LES PRINCIPALES OBSERVATIONS DE VOTRE RAPPORTEUR SPÉCIAL

Les recettes du compte d'affectation spéciale « Financement des aides aux collectivités pour l'électrification rurale » sont évaluées à 377 millions d'euros en 2015 . Les problèmes de paiement rencontrés en 2012 ne se sont pas reproduits depuis, mais la vigilance doit rester de mise en la matière.

Si les actions de renforcement et de sécurisation doivent bien demeurer des axes prioritaires pour les missions du FACÉ, il convient de réviser progressivement à la hausse la part des travaux d 'extension et d' enfouissement.

Le mécanisme de répartition des charges et des produits entre les communes rurales et les communes urbaines doit rester identique.

Enfin, alors que le taux d'aide est aujourd'hui uniforme, une réflexion est à engager sur la variation des taux d'aide selon les collectivités et la nature des travaux.

En application de l'article 49 de la LOLF, pour le retour des réponses du Gouvernement aux questionnaires budgétaires concernant le présent projet de loi de finances, la date limite était fixée au 10 octobre 2014 .

À cette date, votre rapporteur spécial avait reçu l'ensemble des réponses pour le compte d'affectation spéciale (CAS) « Financement des aides aux collectivités pour l'électrification rurale » (FACÉ).

L'article 7 de la loi n° 2011-1978 de finances rectificative pour 2011 du 28 décembre 2011, a en effet créé le compte d'affectation spéciale (CAS), en reprenant l'acronyme de « FACÉ », mais en changeant la signification - « Financement des aides aux collectivités pour l'électrification rurale » au lieu de « Fonds d'amortissement des charges d'électrification », structure créée dès 1936.

Notre collègue Frédérique Espagnac, précédente rapporteure spéciale, a conduit en 2012, au nom de la commission des finances, un contrôle budgétaire sur l'utilisation des aides aux collectivités pour l'électrification rurale , en application de l'article 57 de la loi organique n° 2001-692 du 1 er août 2001 relative aux lois de finances (LOLF) 1 ( * ) . Elle a eu l'occasion, dans ce cadre, d'approfondir l' histoire du dispositif, de sa réforme et du fonctionnement de ce nouveau compte d'affectation spéciale .

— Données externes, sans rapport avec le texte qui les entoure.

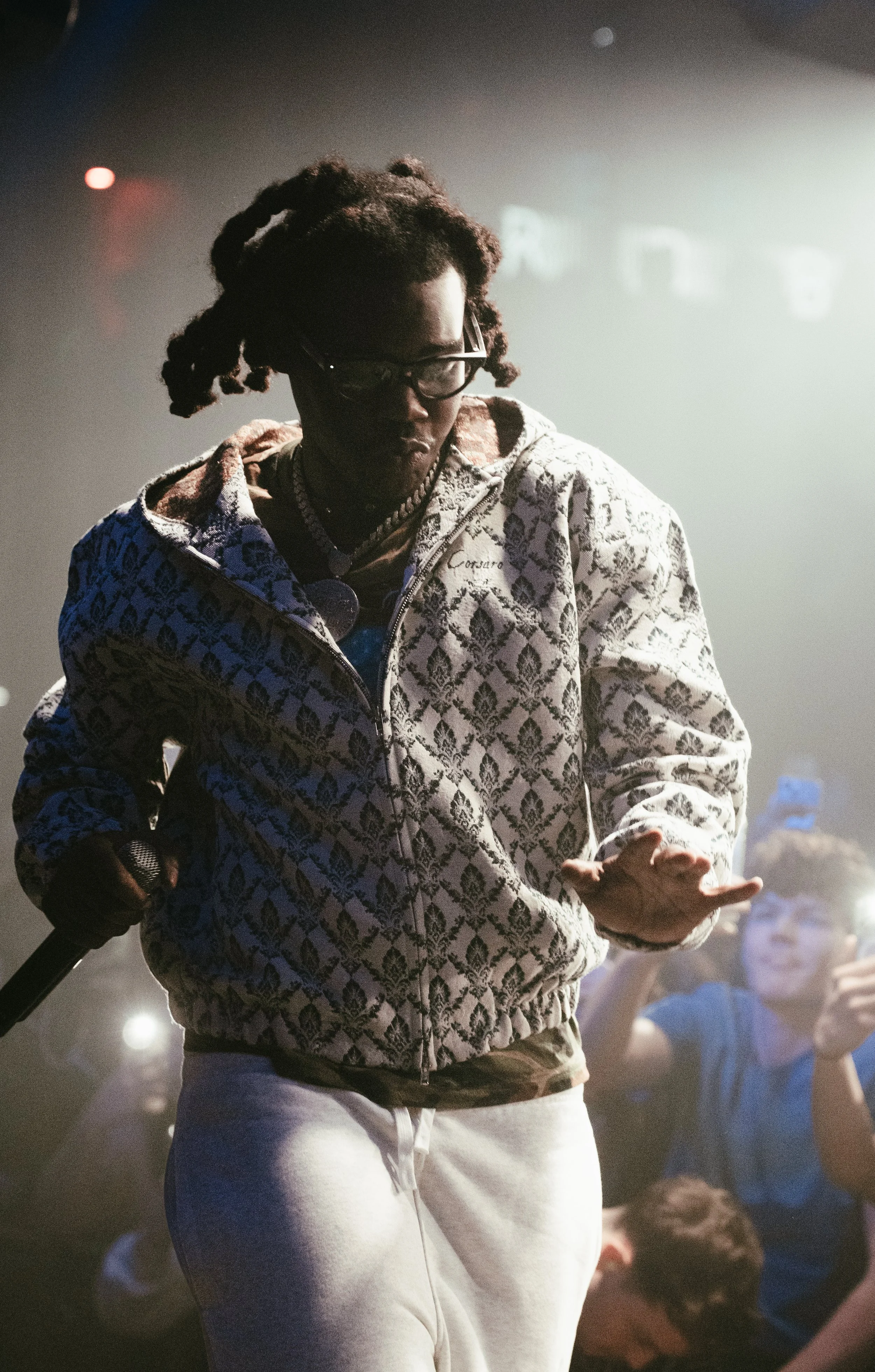 Un homme avec des dreadlocks portant des lunettes, une veste à motif et des sweatpants blancs, tenant un microphone en scène, dans une ambiance sombre avec des personnes qui prennent des photos en arrière-plan.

I. UNE MISSION AU SERVICE DES TRAVAUX D'ÉLECTRIFICATION EN ZONE RURALE

A. DES AIDES DÉPARTEMENTALISÉES DESTINÉES AUX AUTORITÉS ORGANISATRICES DE LA DISTRIBUTION PUBLIQUE D'ÉLECTRICITÉ

Les aides financières consenties par le FACÉ sont réparties par département sous forme de dotations affectées à l'électrification rurale 2 ( * ) . Cette répartition s'effectue, selon des critères précisés par voie d'arrêté, par le ministre chargé de l'énergie, après avis du conseil du FACÉ . Puis, sur la base des propositions présentées par les collectivités, la répartition de ces dotations est effectuée sur un plan départemental entre les collectivités territoriales ou leurs groupements et les maîtres d'ouvrage des travaux d'électrification rurale pouvant bénéficier des participations du fonds.

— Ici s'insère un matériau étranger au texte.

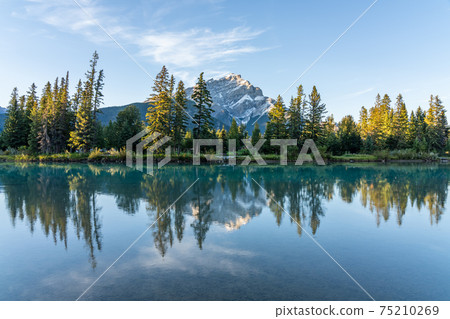 Banff National Park beautiful scenery. Cascade Mountain and pine trees reflected on turquoise color Bow River in summer time. Town of Banff, Canadian Rockies, Alberta, Canada. Banff National Park beautiful scenery. Cascade Mountain and pine trees reflected on turquoise color Bow River in summer time. Town of Banff, Canadian Rockies, Alberta, Canada. 75210269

Il est à noter que lorsqu'il existe, dans un département, un établissement public de coopération constitué dans le domaine de l'électricité et réunissant tous les maîtres d'ouvrage pouvant bénéficier des participations du CAS-FACÉ, la répartition des dotations de ce fonds est alors réglée par cet établissement public .

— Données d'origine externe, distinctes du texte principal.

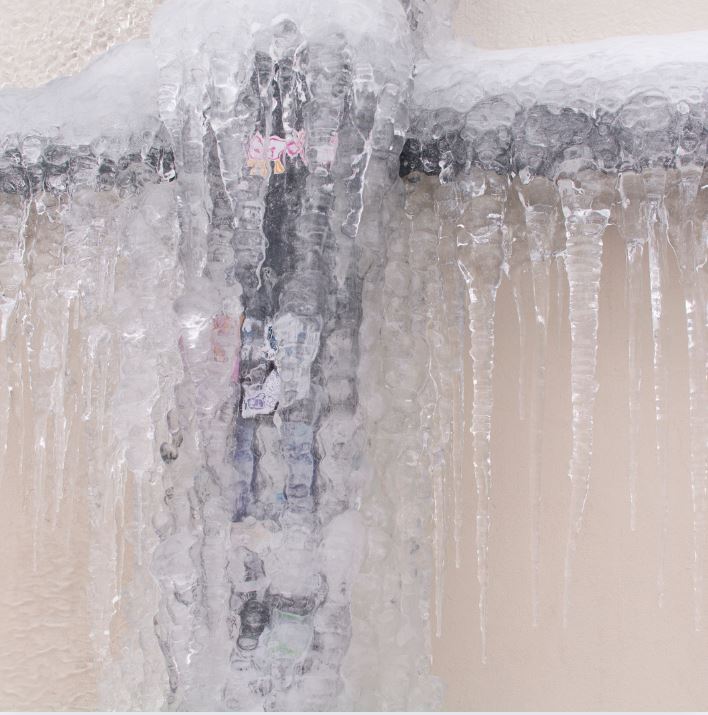 man holding hose at top of water heater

Le regroupement des « autorités organisatrices de la distribution publique d'électricité » ou AODE (qui peuvent être des communes ou des établissements publics de coopération intercommunale, en particulier des syndicats d'électrification), et donc de la maîtrise d'ouvrage, au niveau départemental, a été mis en place par le législateur (article L. 2224-31 du code général des collectivités territoriales). Il a nettement progressé au cours des dernières années 3 ( * ) . Trois cas doivent être distingués :

- le regroupement des AODE, y compris de la maîtrise d'ouvrage, est réalisé au niveau départemental : il y a un seul bénéficiaire des aides du FACÉ par département ;

- le regroupement des AODE est effectif au niveau départemental, mais pas le regroupement de la maîtrise d'ouvrage : il y a alors plusieurs bénéficiaires par département ;

- l'absence de regroupement des AODE et de la maîtrise d'ouvrage est constatée : il y a dans ce cas également plusieurs bénéficiaires par département.

Le système du CAS-FACÉ intervient donc en faveur des AODE qui, ayant conservé en zone rurale la maîtrise d'ouvrage, entreprennent elles-mêmes des travaux sur les réseaux de distribution d'électricité .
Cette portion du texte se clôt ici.